Understanding where you think rents and rent income will be is one of your biggest challenges when underwriting a deal. In my experience, I pass on more opportunities for this reason than any other. It’s not just that I can’t see rents being increased enough to make this a value-add opportunity for me, it’s how much will income be. There is a difference, and it’s important to understand that difference and what drives it.
Let’s say you find a property whose units are in decent condition and rents are $150 below market. You’ve been taught that you’re not going to get $150 more out of each of those units in the first year. Of course not. Their lease expiration dates are spread out through the year. So you get some increased in year 1 and the rest in year 2.
But what about vacancy? How many will move out because of your rent increases?
And how about renovations? Will you take the unit off line to work on it? For how long?
And month-to-month units? If they are month-to-month does that mean you can increase their rent right away?
I have needed to come up with ways in my underwriting to account for these factors, but the good news is you can make informed assumptions. You can plan for some time to renovate, and the loss of income during that period.
My underwriting has evolved to take as much of this into account as I can, because they are assumptions that might change from property to property.
For example, if the property has a lot of month-to-month units, you can certainly end the tenancy of all those units at once and fix them up right away. But the contractor can only do so much at a time. How long will some sit, un-rented, waiting for the contractor. And then you get a large batch of them renovated and back on the market. How many vacant units will your market absorb in one month?

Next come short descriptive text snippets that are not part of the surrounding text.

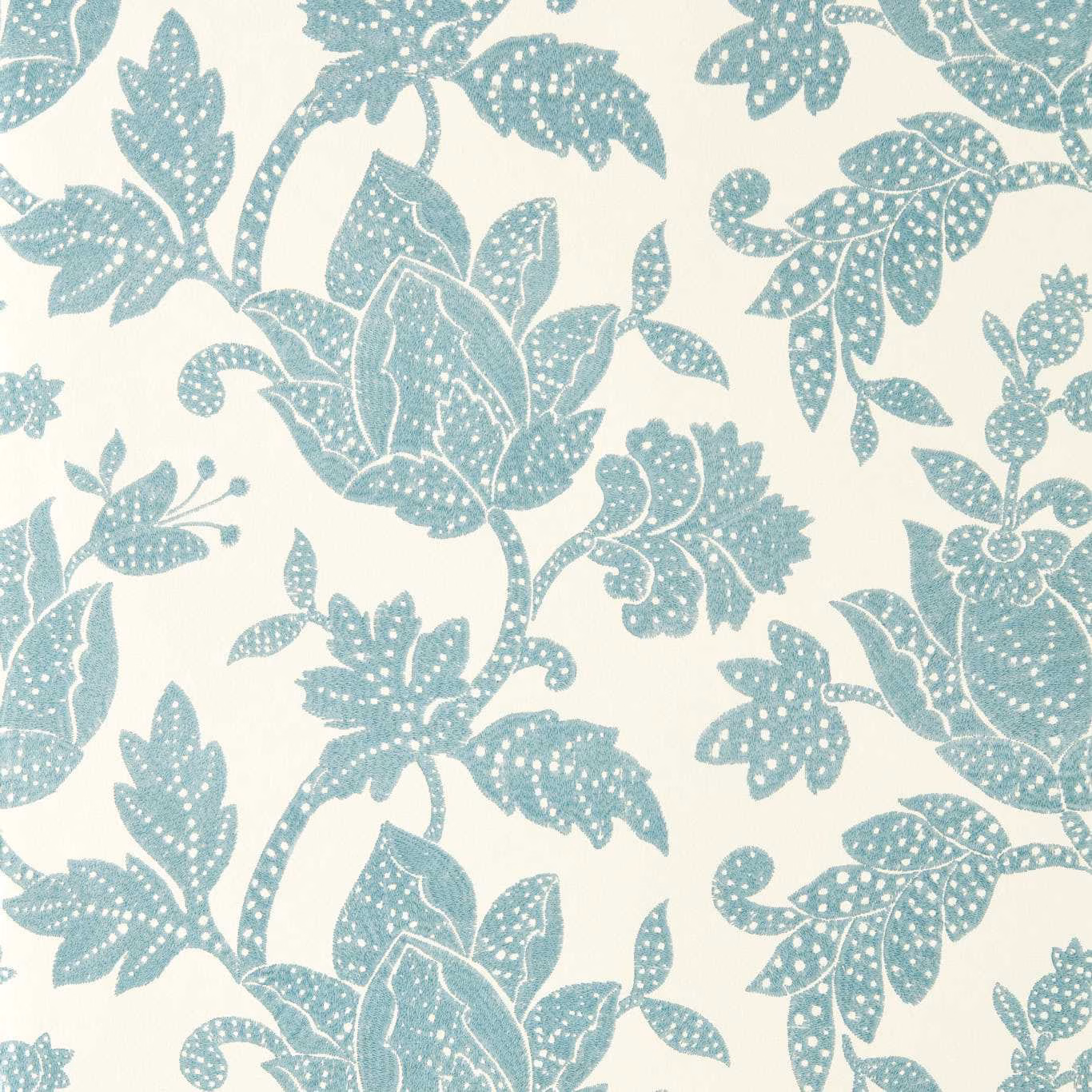Seaglass blue-green botanical leaves and flowers on a warm ivory wallpaper ground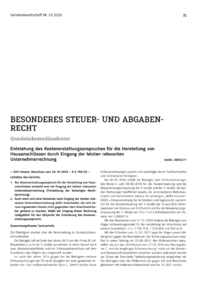 Dokument Entstehung des Kostenerstattungsanspruches f&uuml;r die Herstellung von Hausanschl&uuml;ssen durch Eingang der letzten relevanten Unternehmerrechnung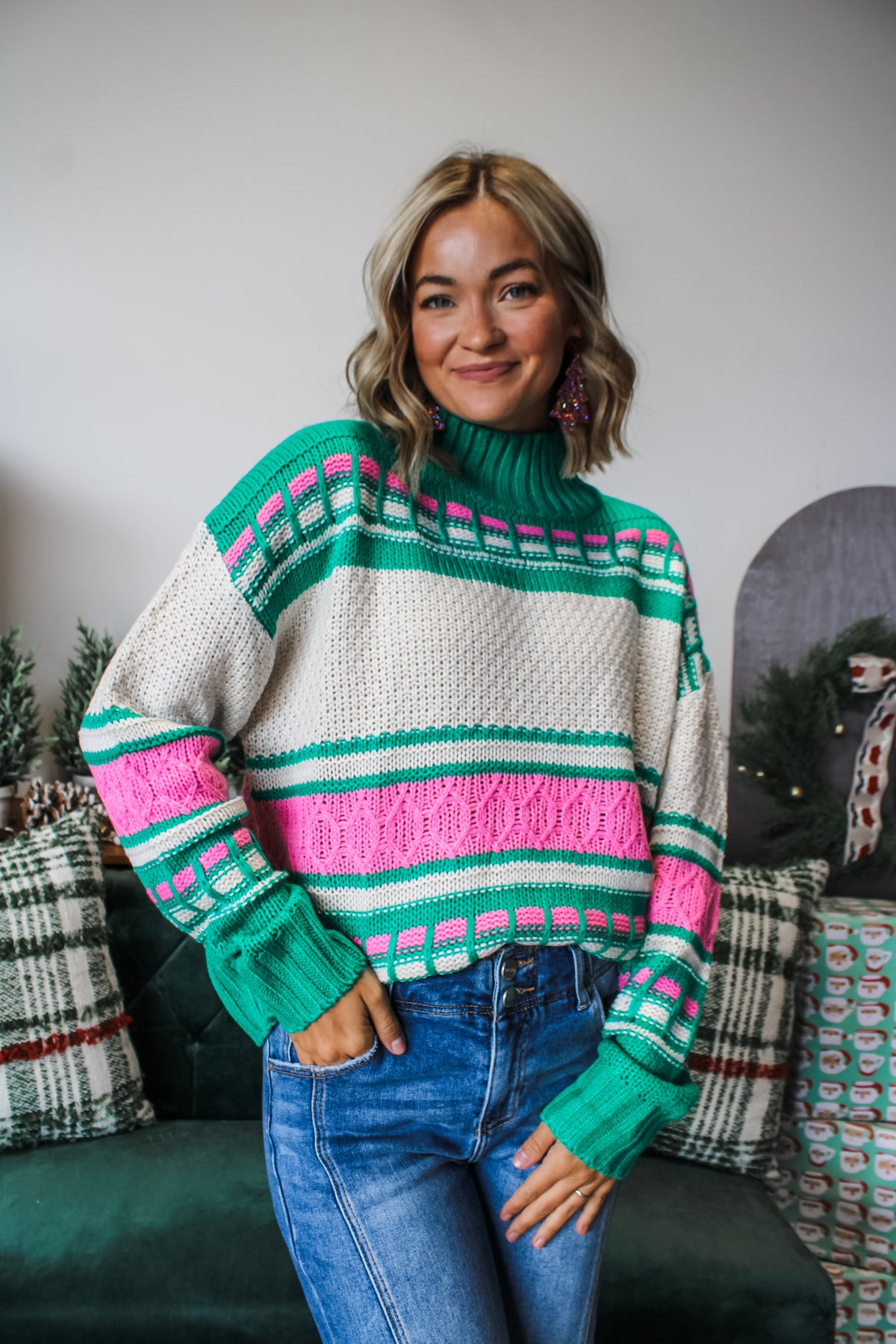 Merry & Bright Cable Sweater • Green Multi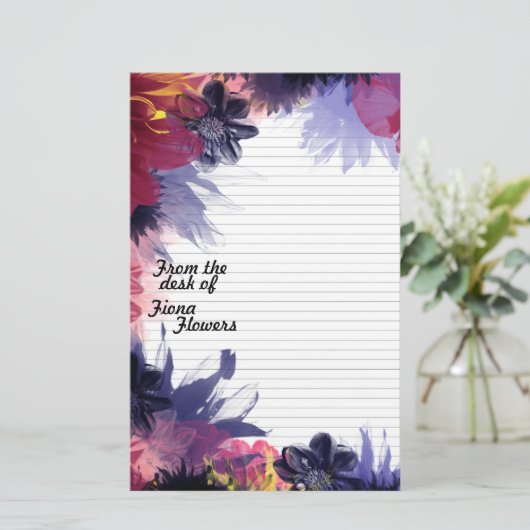Boordjes voor notebooks, donkerkleurige bloemen briefpapier (Staand voorkant)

Think about these variables. Stagger the renovations through the year. Don’t end all of the month-to-month leases at once. Think about the seasonality of lease-ups – who’s looking for new apartments in December vs. May?
And then use that to project your income – month by month, unit by unit. You might discover that given the number of renovations and lease-ups you can accomplish in one month, it will take you longer than one year, maybe more than two years, to complete your renovation plan. It’s better that you know that up front, then maybe the deal got worse, or possibly better.
Earlier in my career I was a computer programmer so more recently I have written some programs to model rents based on a bunch of different variables. If you know a programmer, think about how you might build your own model and partner up (give her/him some of your GP!). It’s a great experience seeing how quickly your assumptions illuminate the strengths and weaknesses of your deal.
I’m a fan of rules of thumb and have used them extensively, but when you can dig deeper and quantify more, your information quality is higher and your decision making is better.